The stance may add more fuel to a controversy that has dogged the Progressive Conservatives for the last week.
Pallister said Thursday that comments posted on two social media sites last Friday by Braydon Mazurkiewich, which included a reference to "freeloading Indians," are abhorrent.
"What he said was wrong. What he said was unacceptable to any thinking Manitoban. It was dealt with immediately," Pallister said.
But he rejected a call from aboriginal leaders for an apology on behalf of the party.
"These are an individual's comments. These were never opinions of the party ... nor of mine, so that request would not be in order, in my estimation."
Mazurkiewich said last week that was upset about a planned urban reserve in Winnipeg and he expressed his thoughts on Facebook and Twitter. In one post, he wrote that the proposed reserve site, which sits on a former military base, was "built for hardworking men and women of the military, not freeloading Indians.''
The post created an online furor and within hours party president Ryan Matthews asked for and received Mazurkiewich's resignation as youth president.
Some aboriginal leaders demanded more. Grand Chief Derek Nepinak of the Assembly of Manitoba Chiefs called for a Tory apology and cancelled a planned meeting with Pallister.

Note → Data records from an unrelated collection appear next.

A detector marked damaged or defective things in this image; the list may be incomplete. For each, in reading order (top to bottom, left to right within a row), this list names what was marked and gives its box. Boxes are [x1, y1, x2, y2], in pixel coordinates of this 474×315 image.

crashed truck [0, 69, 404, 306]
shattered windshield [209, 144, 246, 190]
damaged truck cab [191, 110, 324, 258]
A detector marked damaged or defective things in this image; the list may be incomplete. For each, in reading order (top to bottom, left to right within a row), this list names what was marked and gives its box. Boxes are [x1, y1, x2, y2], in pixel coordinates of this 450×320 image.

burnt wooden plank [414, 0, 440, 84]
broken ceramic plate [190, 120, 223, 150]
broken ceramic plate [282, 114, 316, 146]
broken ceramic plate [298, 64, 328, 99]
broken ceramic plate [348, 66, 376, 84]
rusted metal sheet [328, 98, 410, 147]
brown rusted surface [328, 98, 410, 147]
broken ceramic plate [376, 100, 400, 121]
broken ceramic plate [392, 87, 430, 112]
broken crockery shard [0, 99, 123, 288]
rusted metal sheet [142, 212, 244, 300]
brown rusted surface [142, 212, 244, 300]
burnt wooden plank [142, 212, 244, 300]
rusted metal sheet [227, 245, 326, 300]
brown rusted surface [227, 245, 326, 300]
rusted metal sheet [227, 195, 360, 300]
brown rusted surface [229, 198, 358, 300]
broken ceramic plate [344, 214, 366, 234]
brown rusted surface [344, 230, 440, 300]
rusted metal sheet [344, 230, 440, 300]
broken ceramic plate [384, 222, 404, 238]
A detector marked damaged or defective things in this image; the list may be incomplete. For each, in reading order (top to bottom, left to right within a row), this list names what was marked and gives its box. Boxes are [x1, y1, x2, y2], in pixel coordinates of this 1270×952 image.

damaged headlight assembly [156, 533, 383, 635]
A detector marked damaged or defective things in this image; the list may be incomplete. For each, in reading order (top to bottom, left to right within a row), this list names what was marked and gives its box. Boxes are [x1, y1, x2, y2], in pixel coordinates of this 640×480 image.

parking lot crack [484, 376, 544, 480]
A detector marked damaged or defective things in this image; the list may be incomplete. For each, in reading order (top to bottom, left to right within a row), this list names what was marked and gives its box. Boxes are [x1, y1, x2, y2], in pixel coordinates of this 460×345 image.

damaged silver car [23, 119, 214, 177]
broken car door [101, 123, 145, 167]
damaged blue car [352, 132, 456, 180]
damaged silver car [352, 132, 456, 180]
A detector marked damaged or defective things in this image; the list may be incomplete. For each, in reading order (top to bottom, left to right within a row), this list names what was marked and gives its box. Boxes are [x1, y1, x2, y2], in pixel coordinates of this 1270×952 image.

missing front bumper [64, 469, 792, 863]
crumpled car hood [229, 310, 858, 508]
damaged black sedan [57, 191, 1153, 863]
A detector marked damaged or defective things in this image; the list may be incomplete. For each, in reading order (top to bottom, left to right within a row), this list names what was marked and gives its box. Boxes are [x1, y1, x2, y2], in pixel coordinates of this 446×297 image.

Some party officials also want the party to strip Mazurkiewich of his party membership. Aside from his former post as youth president, Mazurkiewich was in charge of 10 so-called "Blue Blitzes" — pamphlet distributions in NDP and Liberal constituencies
"I would like to suggest that a board of directors meeting be called for this Friday to deal with this matter immediately," Clay Purves, a Tory regional director, wrote in an email obtained by The Canadian Press to other board members.
"I did not join to advance hate speech or to propagate racial stereotypes. I am disgusted that somebody would believe the things Mr. Mazurkiewich believes in the 21st century."
Under the party's constitution, the board can ask a credential committee to revoke an individual's membership. Pallister would not take a position on the idea.
"That is certainly a responsibility that volunteer members of our party have — to deal with who should be accepted as a member of the party — and they will deal with that."
Mazurkiewich admitted last week that his comments were racist and has issued apologies on a couple of occasions that appear to fall short of a full turnaround.
"December 14th I made a statement that does not reflect my view on all aboriginal people," Mazurkiewich said in a written statement Wednesday.
"First I would like to apologize to the P.C. Party of Manitoba for the negative media they've been receiving over the past few days. This is not at all P.C. party attitude or policy. My misguided comments were my own. Secondly I'd like to apologize to all aboriginal people who work hard and pay taxes and help make this country a better place."
The urban reserve planned for the Kapyong Barracks site is intended to be a mix of residential and commercial development to create jobs for First Nations who are still owed land from Treaty One which was signed in 1871.
The continuing controversy overshadowed a Friday news conference by Pallister on public subsidies for political parties.
The NDP government has appointed Paul Thomas, a political science professor, to examine ways in which parties could receive taxpayer funding for their day-to-day operations. Pallister called on Manitobans to boycott the process and instead tell the government there should be no subsidies.